# Led comparison samsung vs cree vs nichia



## bikerjay (Sep 16, 2007)

I made a spread sheet to help me choose the best LEDs for an upcoming build. I like 4000-5000k color the best and will be running them at 1500ma so this is what the sheet shows.

Values high lighted in green were calculated by me other values I pulled from data sheets as best as i could.

Here is the link:

https://docs.google.com/spreadsheet...WlF5V3VBYnl3eGc&single=true&gid=0&output=html

For a 6 up i will be using 4 xt-e and 2 samsung

for a 3 up it will be 2 xt-e and a samsung

This should be a nice mix of thow and flood and a nice 72.5 CRI 5000k beam.

Note the throw category where I ranked em according to personal preference and beam shots from lux-rc / quazzle. 1 being the best thrower.

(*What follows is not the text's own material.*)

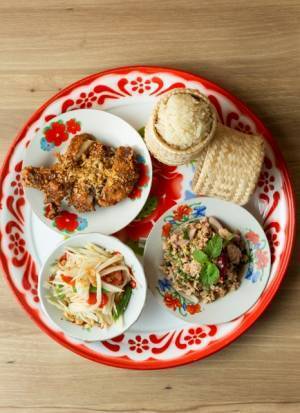 ミシュラン一つ星、本格タイ料理店「ソムタムダー」代々木にオープン！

Of interest is that for flat out performance the XML is still king even in the neutral 5000K. Of course it just does not lend it self to the builds I have in mind.

Seems like nichia is only a contender is warm white not cool or neutral.

We sure have come a long way from the xp-e which I did not even consider.


----------



## yetibetty (Dec 24, 2007)

You might want to also consider the Oslon from Osram. I have no idea if they are any good or not but have ordered a sample from here: OSRAM Opto Semiconductors | OSLON Square


----------